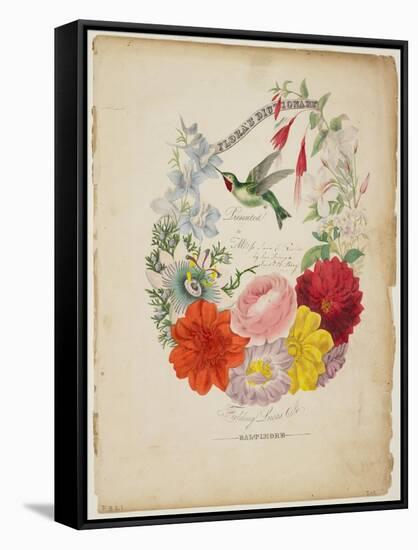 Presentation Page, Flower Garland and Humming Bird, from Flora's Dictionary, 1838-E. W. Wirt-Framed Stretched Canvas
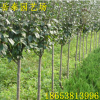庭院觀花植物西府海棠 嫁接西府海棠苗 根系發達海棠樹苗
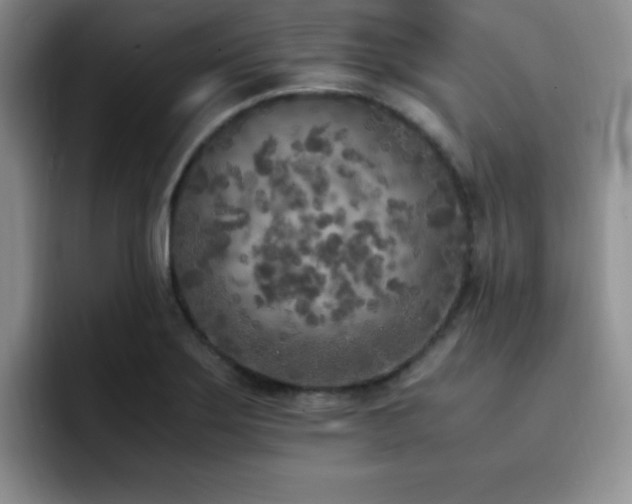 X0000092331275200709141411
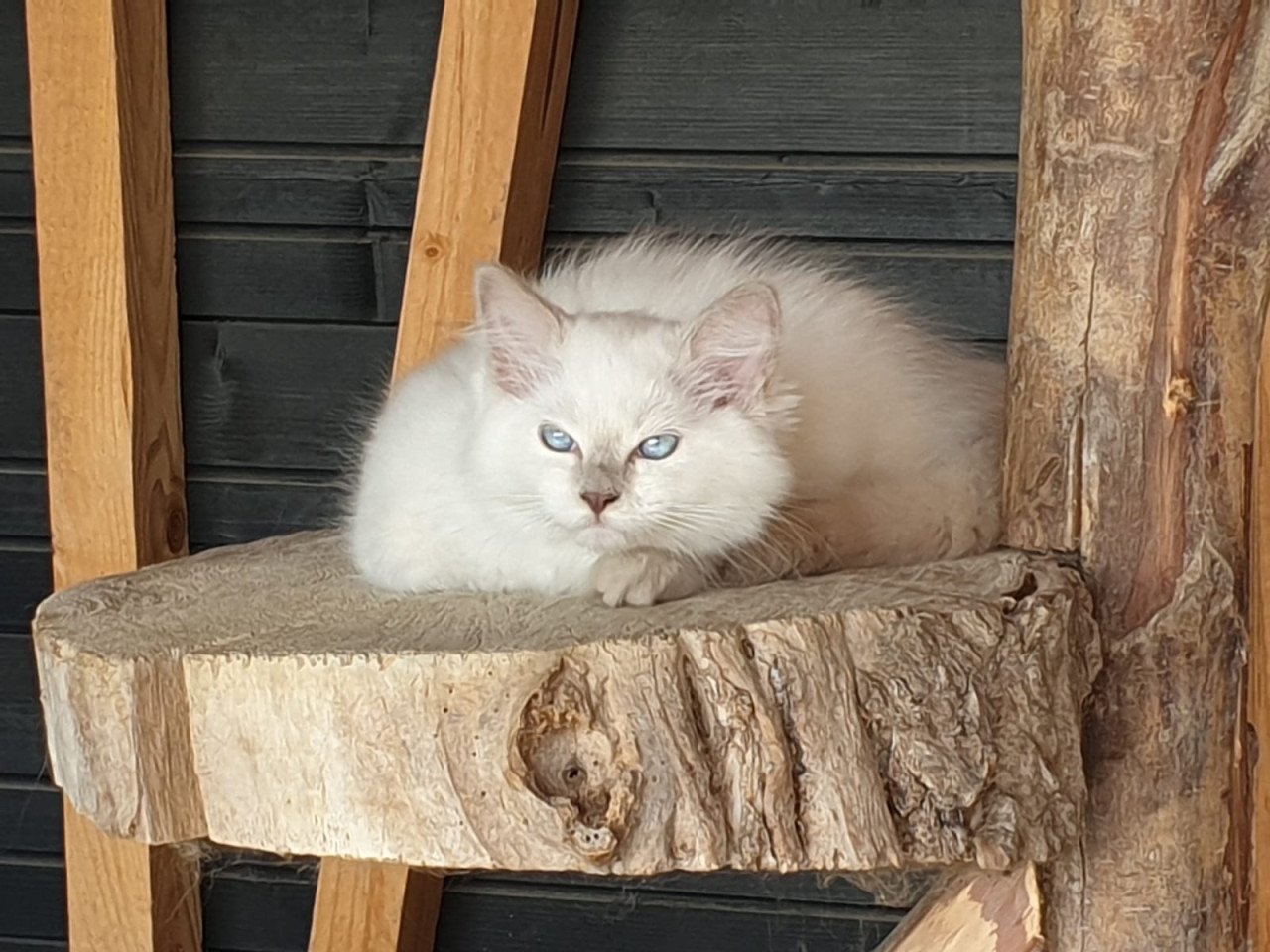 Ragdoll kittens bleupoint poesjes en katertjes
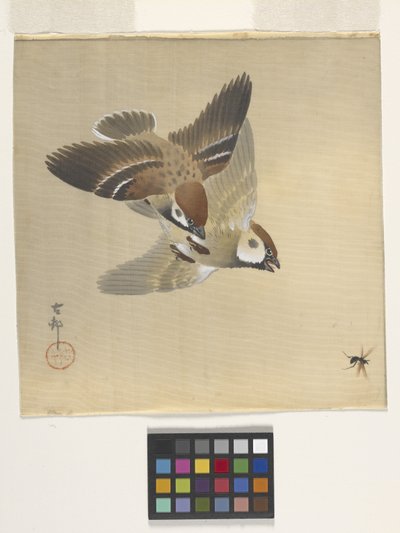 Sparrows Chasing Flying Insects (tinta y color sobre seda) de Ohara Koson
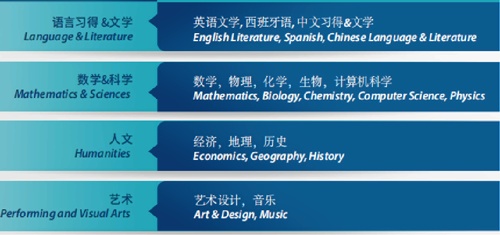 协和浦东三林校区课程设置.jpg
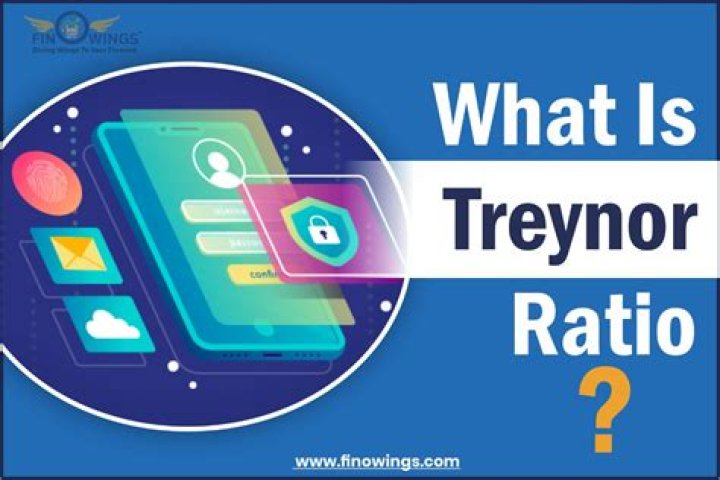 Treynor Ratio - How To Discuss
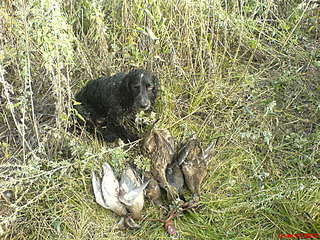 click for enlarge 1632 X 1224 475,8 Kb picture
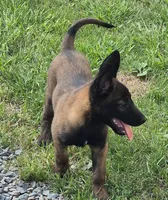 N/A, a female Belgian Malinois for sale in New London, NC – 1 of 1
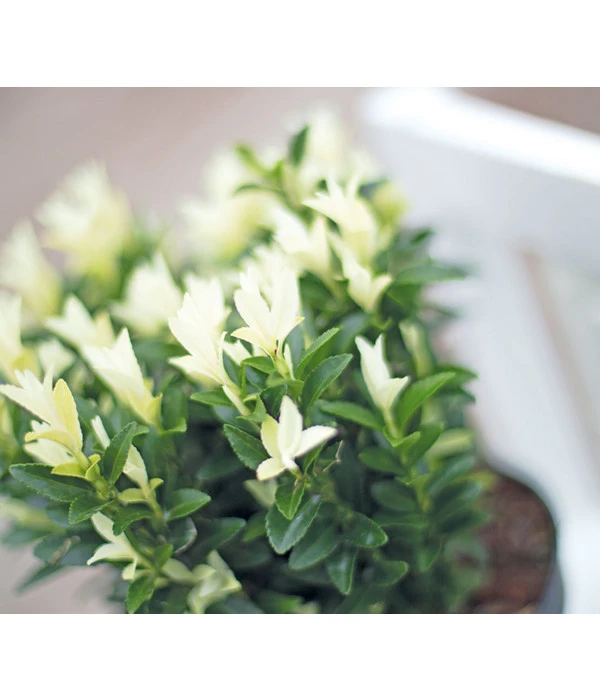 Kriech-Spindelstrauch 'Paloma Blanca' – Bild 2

==

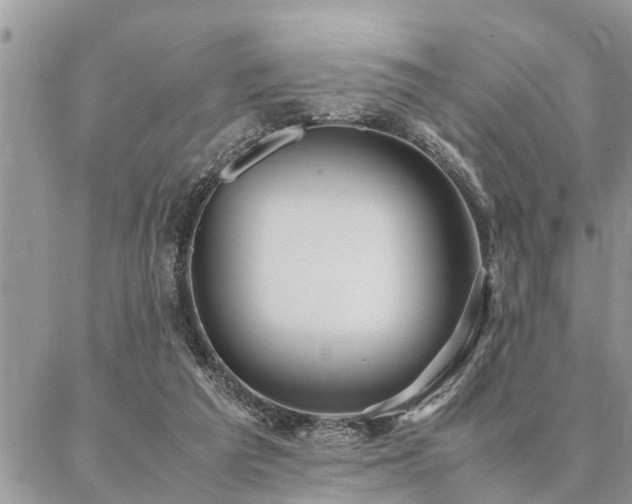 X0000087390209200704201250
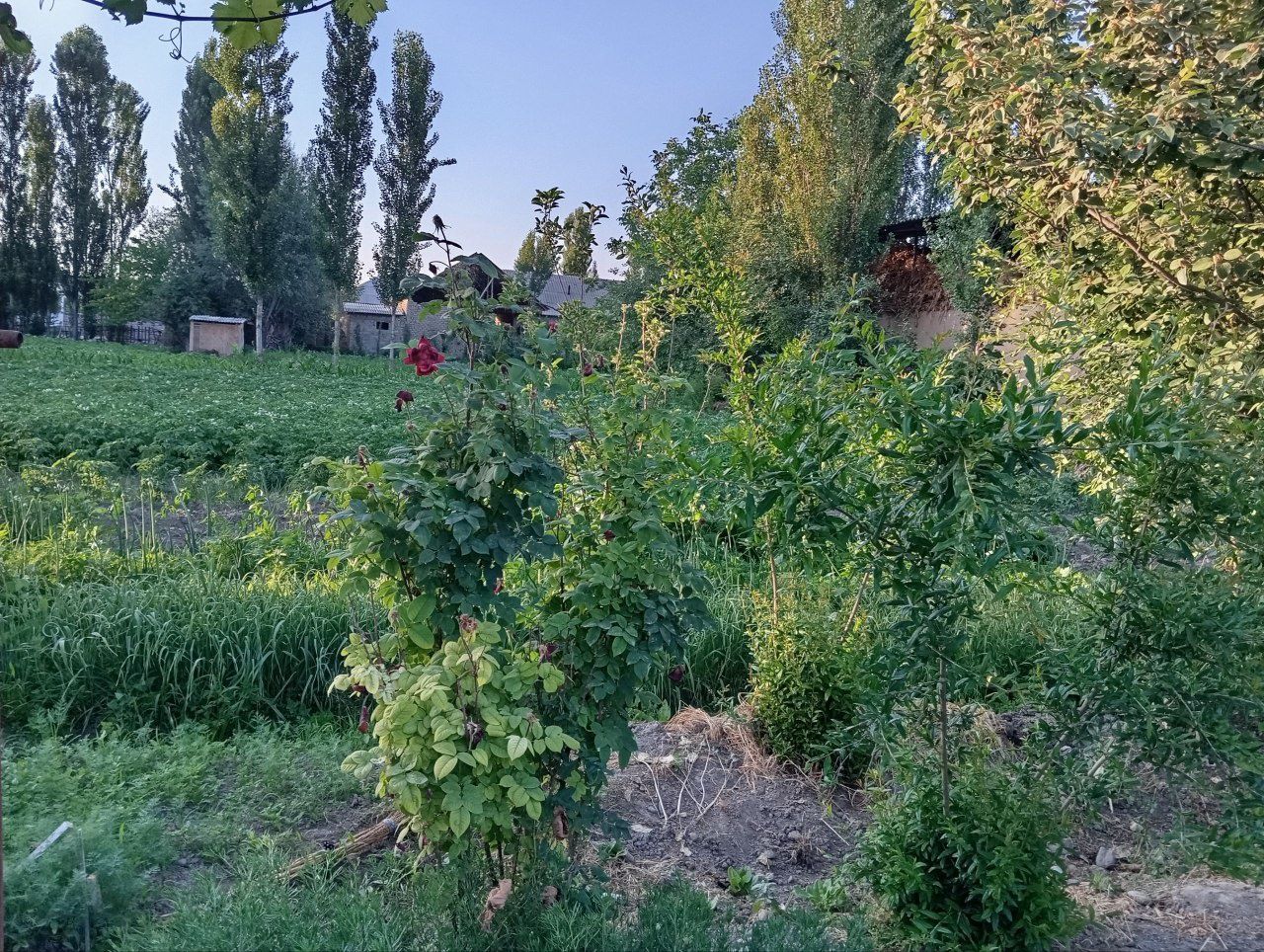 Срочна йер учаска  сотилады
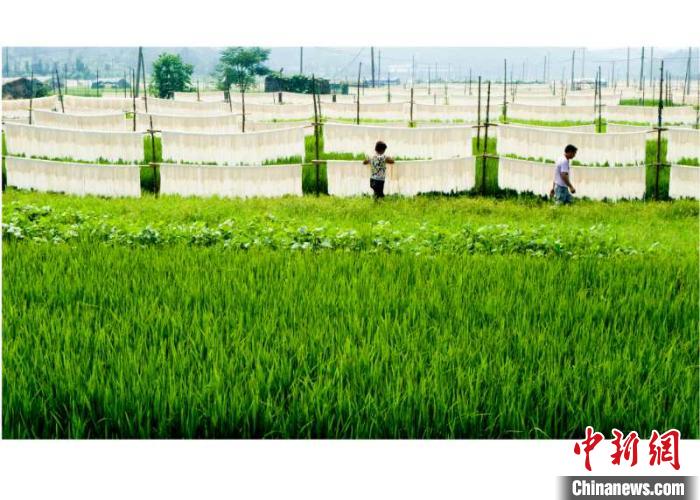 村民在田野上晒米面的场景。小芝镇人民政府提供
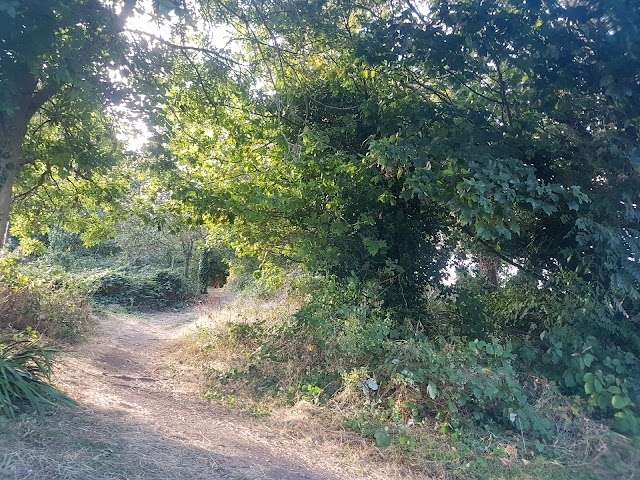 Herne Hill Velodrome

» **What to work on**
What should come back is an exact copy of the lines above from the line with "Presentation Page, Flower" to the line with "Kriech-Spindelstrauch 'Paloma Blanca'", both included, minus the pictures.

» **Solution for this task**
 Presentation Page, Flower Garland and Humming Bird, from Flora's Dictionary, 1838-E. W. Wirt-Framed Stretched Canvas
庭院觀花植物西府海棠 嫁接西府海棠苗 根系發達海棠樹苗
 X0000092331275200709141411
 Ragdoll kittens bleupoint poesjes en katertjes
 Sparrows Chasing Flying Insects (tinta y color sobre seda) de Ohara Koson
 协和浦东三林校区课程设置.jpg
 Treynor Ratio - How To Discuss
 click for enlarge 1632 X 1224 475,8 Kb picture
 N/A, a female Belgian Malinois for sale in New London, NC – 1 of 1
 Kriech-Spindelstrauch 'Paloma Blanca' – Bild 2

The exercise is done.